Streamlit

Streamlit is an open-source Python library designed for creating and sharing web applications for data science and machine learning. It makes it easy to build interactive, data-driven applications with minimal code and allows you to share them directly with others.

Here’s an introduction to using Streamlit:

Installation

To install Streamlit, use:

pip install streamlit

Basic Example

Streamlit apps are written in Python scripts. Here’s a simple app to get started:

# my_app.py
import streamlit as st

st.title("Hello, Streamlit!")
st.write("This is a simple web app created with Streamlit.")

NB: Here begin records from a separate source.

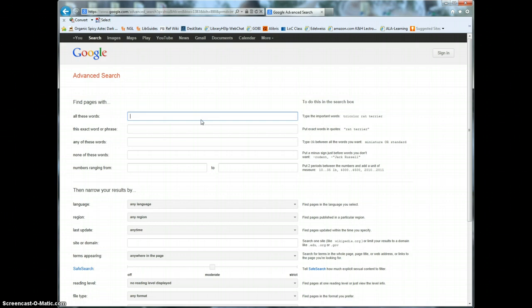Now for this example let's say that I'm interested in finding sources about women and the Civil War. I'm going to put in women and the phrase Civil War in quotation marks.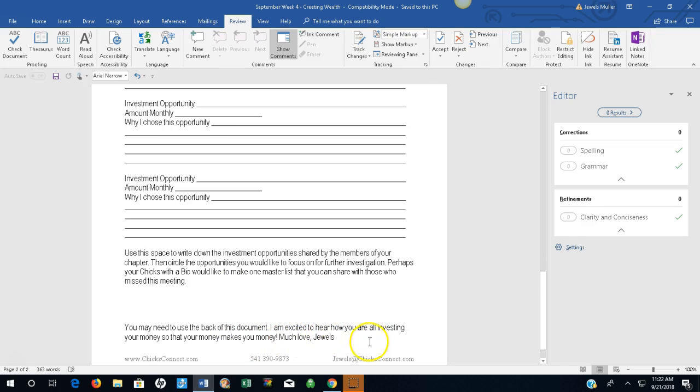I'm excited to hear how you are all investing your money so that your money makes you more money. Much love, Jules Muller.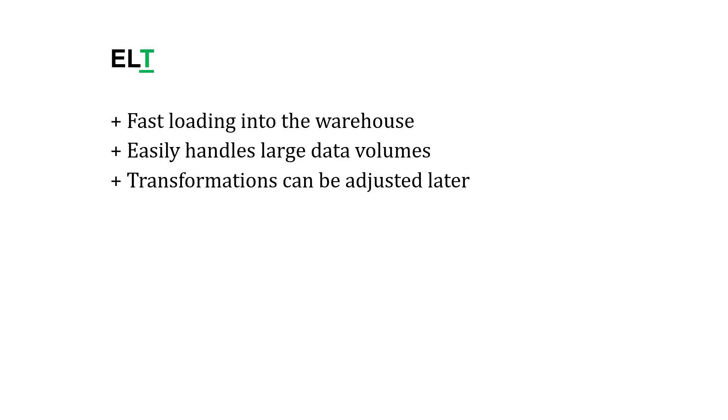Let's talk about some benefits of each approach. In the case of ELT, the more modern approach where we load it into the warehouse and then transform it from there, you're going to get faster loading typically into the warehouse, and this easily handles larger data volumes. Also, it's nice that the transformations can be adjusted later because you've got the original raw source data in the warehouse and the transformed data. You can go back fairly easily if you need to.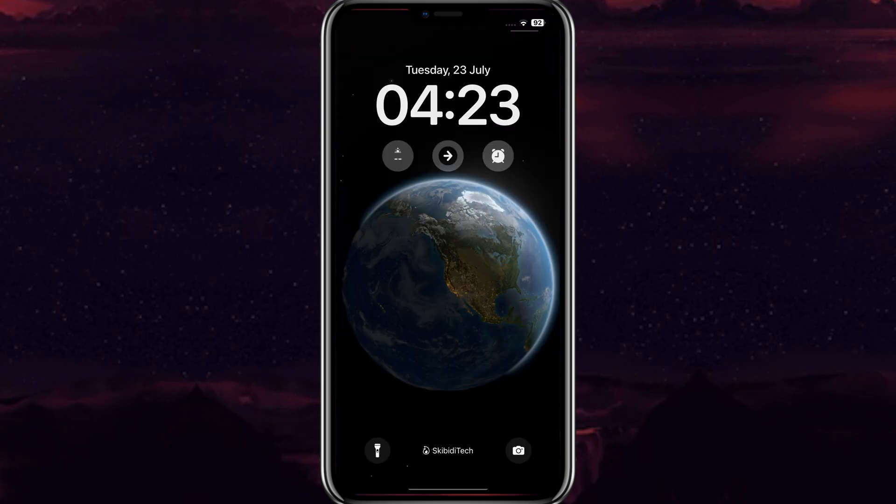Now you can see your name on your locked iPhone. Hope you liked the video. Thanks for watching and don't forget to subscribe.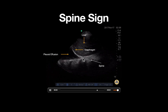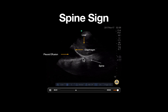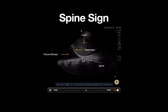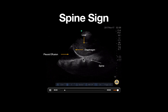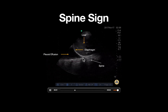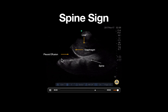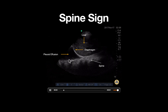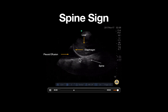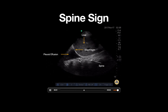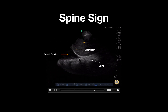However, in the case of a pleural effusion, a medium has now been created for ultrasound to travel through, allowing visualization of the spine deep to the thoracic cavity. This is known as a spine sign and is diagnostic of a pleural effusion.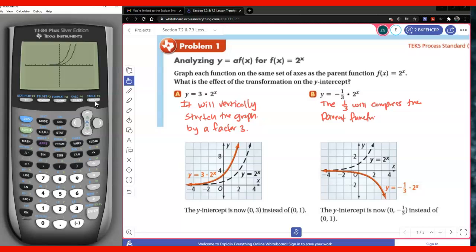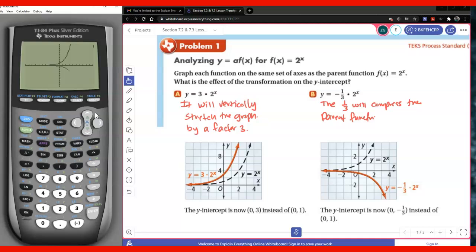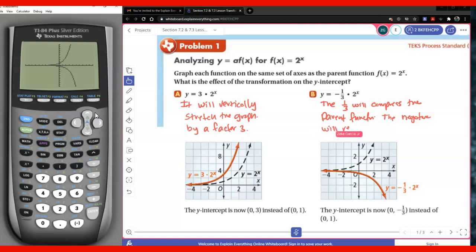So 1/3 will compress the parent function. Now for the negative — you're going to see the effect that the negative is going to have, so I'm going to go ahead and add it. Remember, we've talked about the negative — go ahead and pause and think about what it's going to do. As you can see, the negative will reflect the parent function over the x-axis.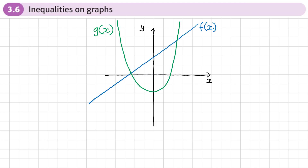This is the sixth section of chapter three, equations and inequalities, and this section is about inequalities on graphs. Let's say I've got two functions f(x) and g(x) with their graphs here, and I work out the points of intersection — let's call these points a and b, which are the x-coordinates of intersection.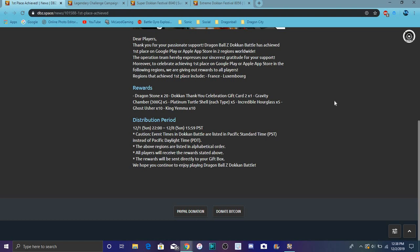We get 300 gravity chambers, gravity times 5, we get five of those, five platinum turtle shells for each typing, and five incredible hourglasses so you know you can awaken some units which is always great. Ten ghost ushers and ten king units which is always like those are really rare but they're really good for the bonus support type.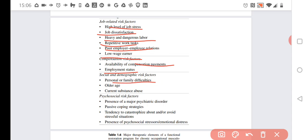Person or family difficulties, older age, and current substance abuse all increase the risk for obvious reasons.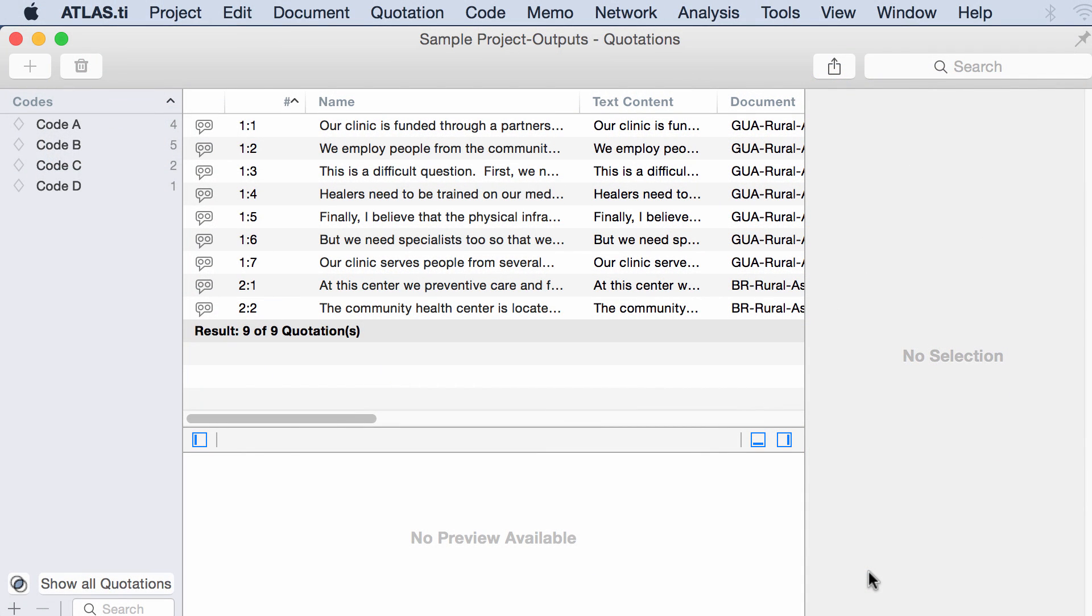Hello. Now I will show you how to work with smart codes in Atlas.ti Mac. Smart codes are codes that are made up of combinations of other codes, combinations that you can create using a number of different operators. The benefit of having these codes is that they allow you to test certain statements or certain hypotheses that you want to follow through your analysis. Let's take a look at this.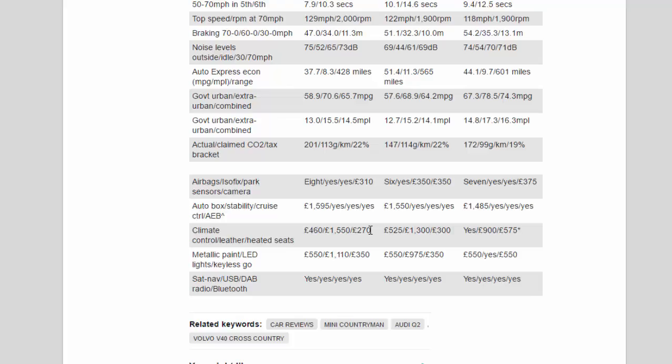Metallic paint/LED lights/keyless go: £550/£1,110/£350, £550/£975/£350, £550/yes/£550. Sat nav/USB/DAB radio/Bluetooth: yes/yes/yes/yes, yes/yes/yes/yes, yes/yes/yes/yes.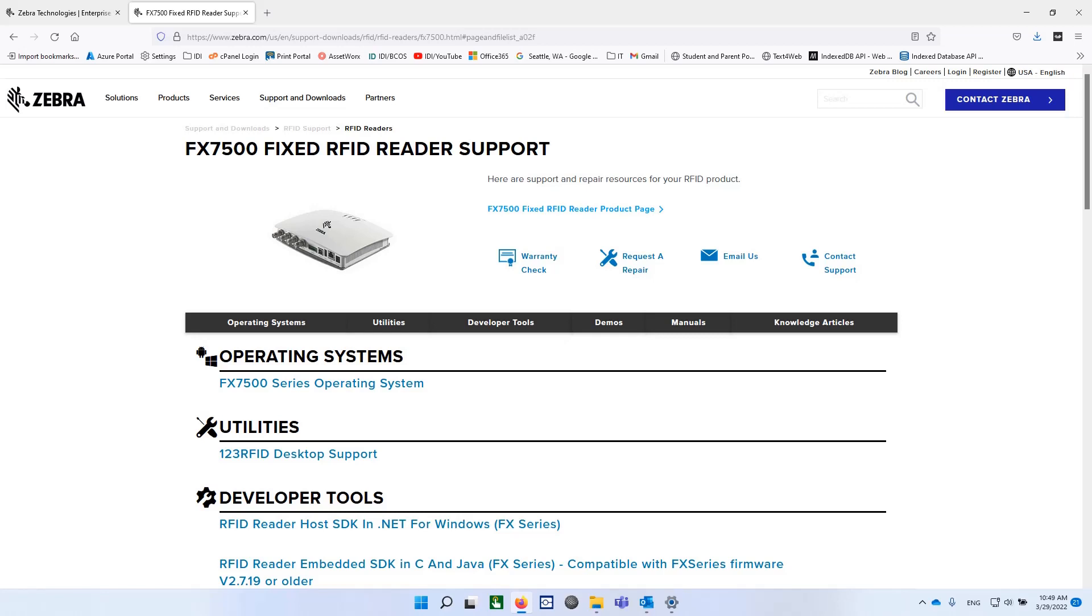Today I'm going to talk about upgrading the firmware in a Zebra FX7500 fixed reader. Zebra has their own little utility, this 123 RFID desktop.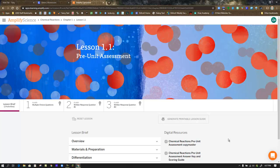Amplify Science Chemical Reactions Unit, Chapter 1, Lesson 1.1, the Pre-Unit Assessment.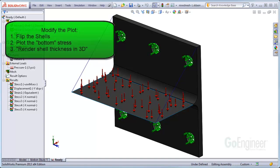You can modify the plot in several ways. Number one, you can flip the shells so the tops correspond to the viewing angle. Number two,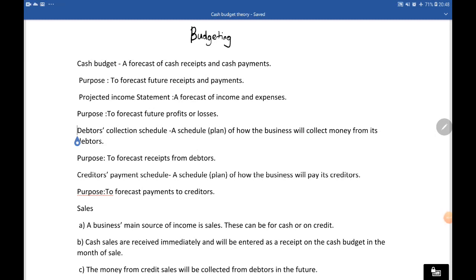Hello creative students, welcome to another accounting video. In this video we'll be looking at budgeting. This topic consists of three things: your debtors collection schedule, your creditors payment schedule, and the analysis of the cash budget. In creative accounting you won't be asked to prepare the cash budget, but to analyze it. From previous grades you've been preparing the debtors collection schedule and creditors payment schedule — this is just revision.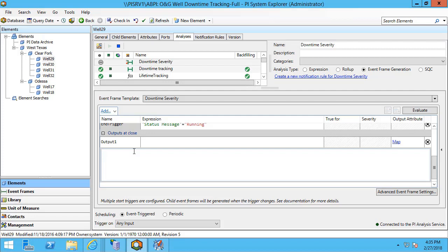A simple example that I can do which can output to my event frame attributes at the close of the event frame is to find the change in one of my attributes between the start and end of the event frame.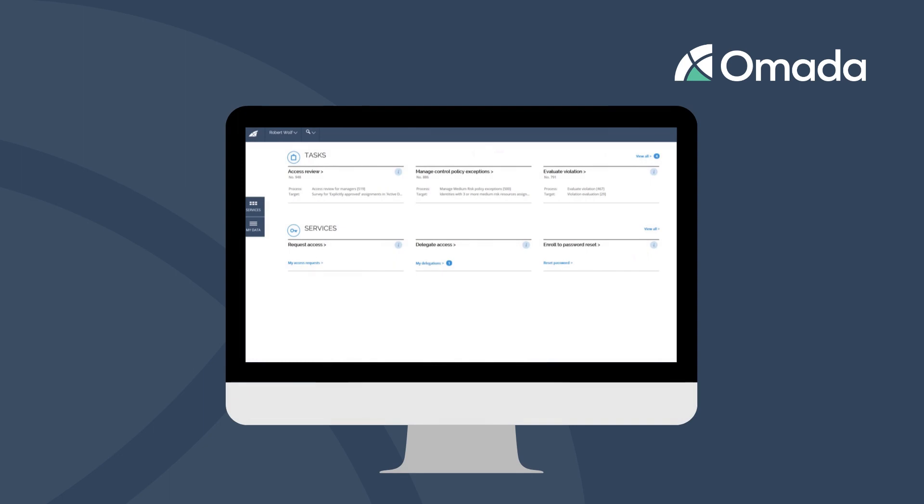You are informed about your recertification tasks via mail. As well, you will find a corresponding link in the tasks section of your OMADA Identity Start page.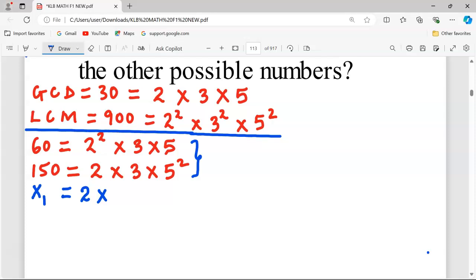The next factor is 3. Studying the provided numbers 60 and 150, neither contains 3². However, in the LCM there is 3². Because neither of the first two numbers contains 3², we must prioritize 3² in this new number. So the factor of 3 in X1 becomes 3².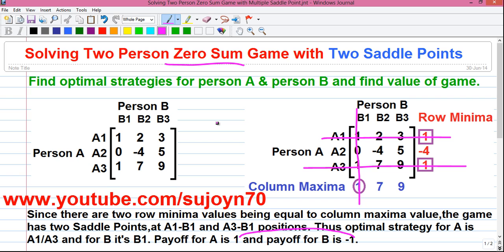So friends, this was my video on how to solve a two-person zero-sum game with two saddle points. If you like this video please like it and subscribe to my YouTube channel. By subscribing you can stay connected and get regular updates. I have many other videos apart from operations research, such as on numerical methods, statistics, probability, number systems, computer science and engineering, electrical engineering, and more — all available on my YouTube channel. The link is given in the video description below. Thanks for watching, see you in my next video, and till then stay connected by subscribing.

# Add an interactive slider
number = st.slider("Pick a number", 0, 100)
st.write("The selected number is:", number)

To run the app, navigate to the folder where my_app.py is saved, and run:

streamlit run my_app.py

This opens a new browser window with your app.

Key Features

  1. Widgets: Streamlit includes easy-to-use widgets like sliders, buttons, file uploaders, and more:
    • st.button("Click me!")
    • st.text_input("Enter text:")
    • st.selectbox("Choose an option:", ["A", "B", "C"])
  2. Charts and DataFrames: You can visualize data directly using libraries like Matplotlib, Seaborn, Plotly, and Altair, as well as display pandas DataFrames.
    import pandas as pd
    import numpy as np
    
    df = pd.DataFrame(np.random.randn(20, 3), columns=['A', 'B', 'C'])
    st.line_chart(df)
    
  3. Interactive Layouts: Streamlit allows you to use columns, expanders, and containers for structuring the layout.
    col1, col2 = st.columns(2)
    col1.write("Column 1")
    col2.write("Column 2")
    
  4. Session State: Streamlit provides a way to maintain state between interactions, which is helpful for applications that need to retain information across user actions.

Advantages

  • No front-end experience is needed.
  • Simple and clean UI.
  • Quick prototyping and sharing (e.g., data exploration, dashboards).